The Nigerian Exchange (NGX) Limited is seeking review of the controversial Capital Gains Tax increase, fearing it will chase away foreign investors from the country’s capital market.

Nigeria’s new tax regime, which takes effect from January 1, 2026, represents one of the most significant changes to Nigeria’s tax system in recent years.

Under the new rules, the flat 10 per cent Capital Gains Tax rate has been replaced by progressive income tax rates ranging from zero to 30 per cent, depending on an investor’s overall income or profit level while large corporate investors will see the top rate reduced to 25 per cent as part of a wider corporate tax reform.

The chief executive of NGX, Mr Jude Chiemeka, said in a Bloomberg interview in Kigali, Rwanda that there should be a “removal of the capital gains tax completely, or perhaps deferring it for five years.”

According to him, Nigeria, having a higher Capital Gains Tax, will make investors redirect asset allocation to frontier markets and “countries that have less tax.”

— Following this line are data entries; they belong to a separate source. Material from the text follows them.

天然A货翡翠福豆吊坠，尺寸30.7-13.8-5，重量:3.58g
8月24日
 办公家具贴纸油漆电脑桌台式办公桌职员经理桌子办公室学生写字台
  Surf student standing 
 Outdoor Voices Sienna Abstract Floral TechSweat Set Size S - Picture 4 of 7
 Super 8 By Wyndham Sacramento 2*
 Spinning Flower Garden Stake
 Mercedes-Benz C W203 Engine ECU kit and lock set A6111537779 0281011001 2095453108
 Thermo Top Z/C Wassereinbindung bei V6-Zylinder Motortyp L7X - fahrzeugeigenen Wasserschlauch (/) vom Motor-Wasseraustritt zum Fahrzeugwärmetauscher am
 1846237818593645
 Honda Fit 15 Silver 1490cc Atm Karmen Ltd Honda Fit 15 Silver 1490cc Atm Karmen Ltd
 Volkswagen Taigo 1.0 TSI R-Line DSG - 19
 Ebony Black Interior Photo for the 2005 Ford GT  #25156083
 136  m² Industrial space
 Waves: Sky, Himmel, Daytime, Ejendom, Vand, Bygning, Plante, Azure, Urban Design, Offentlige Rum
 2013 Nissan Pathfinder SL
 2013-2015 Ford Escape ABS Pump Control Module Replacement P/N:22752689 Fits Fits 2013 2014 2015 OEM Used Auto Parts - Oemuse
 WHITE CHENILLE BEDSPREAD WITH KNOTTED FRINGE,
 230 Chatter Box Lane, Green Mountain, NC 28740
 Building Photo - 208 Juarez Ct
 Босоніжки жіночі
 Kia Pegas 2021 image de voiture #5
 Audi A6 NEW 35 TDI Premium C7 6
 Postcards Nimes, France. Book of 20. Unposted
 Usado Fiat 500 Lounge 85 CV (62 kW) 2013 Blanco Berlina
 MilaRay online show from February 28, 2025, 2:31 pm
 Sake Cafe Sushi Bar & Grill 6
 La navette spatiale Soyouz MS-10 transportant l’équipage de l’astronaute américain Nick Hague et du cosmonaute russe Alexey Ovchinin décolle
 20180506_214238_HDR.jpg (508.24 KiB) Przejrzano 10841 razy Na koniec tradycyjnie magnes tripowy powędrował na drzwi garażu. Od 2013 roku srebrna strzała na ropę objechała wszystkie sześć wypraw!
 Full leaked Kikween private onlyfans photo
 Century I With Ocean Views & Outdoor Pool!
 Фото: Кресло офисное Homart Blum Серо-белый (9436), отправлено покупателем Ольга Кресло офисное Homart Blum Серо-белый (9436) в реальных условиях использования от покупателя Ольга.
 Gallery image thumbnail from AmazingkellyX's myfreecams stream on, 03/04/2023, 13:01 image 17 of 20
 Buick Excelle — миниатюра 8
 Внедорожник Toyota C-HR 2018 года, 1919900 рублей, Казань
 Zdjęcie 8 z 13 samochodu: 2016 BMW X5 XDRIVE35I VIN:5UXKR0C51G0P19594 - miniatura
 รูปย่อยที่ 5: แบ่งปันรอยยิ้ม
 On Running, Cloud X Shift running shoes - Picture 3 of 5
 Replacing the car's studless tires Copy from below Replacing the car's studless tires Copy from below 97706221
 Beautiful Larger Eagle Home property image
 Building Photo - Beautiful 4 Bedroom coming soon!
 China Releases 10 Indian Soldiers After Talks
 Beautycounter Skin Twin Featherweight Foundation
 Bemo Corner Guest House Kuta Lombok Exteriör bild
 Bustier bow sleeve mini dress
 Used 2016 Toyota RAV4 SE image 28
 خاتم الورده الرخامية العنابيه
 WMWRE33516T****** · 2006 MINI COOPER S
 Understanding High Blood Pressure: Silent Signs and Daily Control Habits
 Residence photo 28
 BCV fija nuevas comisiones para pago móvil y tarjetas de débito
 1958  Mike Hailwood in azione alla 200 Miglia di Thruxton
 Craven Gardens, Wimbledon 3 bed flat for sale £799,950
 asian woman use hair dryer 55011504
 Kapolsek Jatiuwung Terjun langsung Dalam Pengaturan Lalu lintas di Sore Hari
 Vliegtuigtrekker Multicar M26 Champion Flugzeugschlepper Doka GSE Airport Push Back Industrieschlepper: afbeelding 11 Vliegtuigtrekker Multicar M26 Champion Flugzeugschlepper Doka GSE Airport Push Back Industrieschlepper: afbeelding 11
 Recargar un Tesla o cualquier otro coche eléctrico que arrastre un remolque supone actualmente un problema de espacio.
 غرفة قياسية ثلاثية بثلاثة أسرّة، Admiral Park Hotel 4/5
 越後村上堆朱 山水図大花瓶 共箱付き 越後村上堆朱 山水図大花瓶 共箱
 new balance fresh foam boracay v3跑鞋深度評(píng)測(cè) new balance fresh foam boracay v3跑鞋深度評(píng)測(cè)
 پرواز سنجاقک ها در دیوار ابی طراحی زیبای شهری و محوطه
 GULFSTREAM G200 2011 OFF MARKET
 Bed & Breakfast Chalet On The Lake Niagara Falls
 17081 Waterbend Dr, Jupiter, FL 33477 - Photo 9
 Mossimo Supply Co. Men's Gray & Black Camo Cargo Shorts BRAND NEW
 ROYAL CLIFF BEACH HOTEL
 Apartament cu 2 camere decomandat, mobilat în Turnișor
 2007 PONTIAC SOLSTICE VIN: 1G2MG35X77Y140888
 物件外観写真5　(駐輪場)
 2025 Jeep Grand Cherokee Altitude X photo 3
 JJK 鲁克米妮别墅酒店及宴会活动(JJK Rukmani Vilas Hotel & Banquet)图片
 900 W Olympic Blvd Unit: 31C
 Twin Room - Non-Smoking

“From a capital flow perspective, we should be concerned because all these international portfolio managers that invest across frontier markets will certainly go to where the cost of investing is not so burdensome,” the CEO said, as per Bloomberg. “That is really the angle one will look at it from.”

Meanwhile, the policy has been defended by the chairman of the Presidential Fiscal Policy and Tax Reforms Committee, Mr Taiwo Oyedele, who noted that the new tax will make investing in the capital market more attractive by reducing risks, promoting fairness, and simplifying compliance.

He noted that the framework allows investors to deduct legitimate costs such as brokerage fees, regulatory charges, realised capital losses, margin interest, and foreign exchange losses directly tied to investments, thereby ensuring that they are not taxed when operating at a loss.

Mr Oyedele  also said the reforms introduced a more inclusive approach to taxation by exempting several categories of investors and transactions.